Mahi Sall, Advisor, Fintech-Bank Partnerships, Payments and Financial Inclusivity
January 25th, 2023
The New York Times | | Apr 5, 2021
On Monday, the Supreme Court said it was kosher to copy someone else’s computer code in some cases. That handed Google a win in a decade-long court battle with Oracle over the guts of the Android smartphone system.
I’ll explain why the technology industry was relieved by the decision, and the ways it might be relevant for artists, writers and archivists. I also want us to ponder this: Why are thorny legal questions seemingly inescapable in technology right now?
Oracle controls software programming technologies called Java that are a building block for many apps and digital services. Google used a relatively small chunk of Java computer code in its Android operating system, and that made it easier for software experts to make smartphone apps.

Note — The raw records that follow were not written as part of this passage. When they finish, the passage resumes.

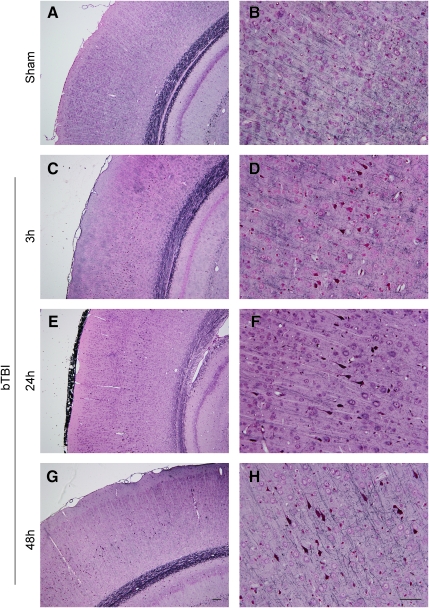 FIG. 6.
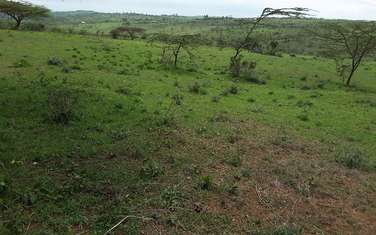 4 ac Residential Land in Kiserian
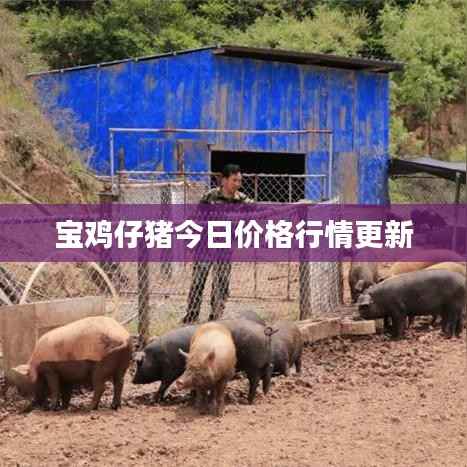 坌鸟先飞 第3页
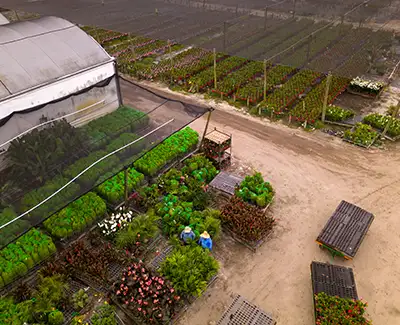 Florida Agriculture Two-Way Radios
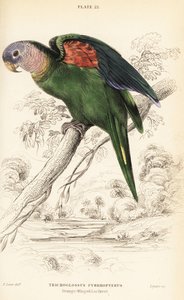 Orange-winged Amazon, Amazona Amazonica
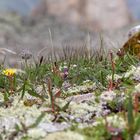 Flora auf Stein im Hochgebirge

In the Google v. Oracle America case, Google said it was standard practice to copy what are called application programming interfaces, or APIs, a set of instructions to make sure that technologies from different companies can work together. Oracle said that Google stole its software and demanded billions of dollars. Each company said it was trying to save the tech industry from ruin.
This is complicated stuff that made lawyers on both sides and the justices grasping for analogies — safecracking, football playbooks and restaurant menus — to explain APIs. In his majority opinion on behalf of six justices, Justice Stephen G. Breyer compared APIs to the gas pedal, which tells a car to move faster, and a keyboard that types a letter when you press a specific key.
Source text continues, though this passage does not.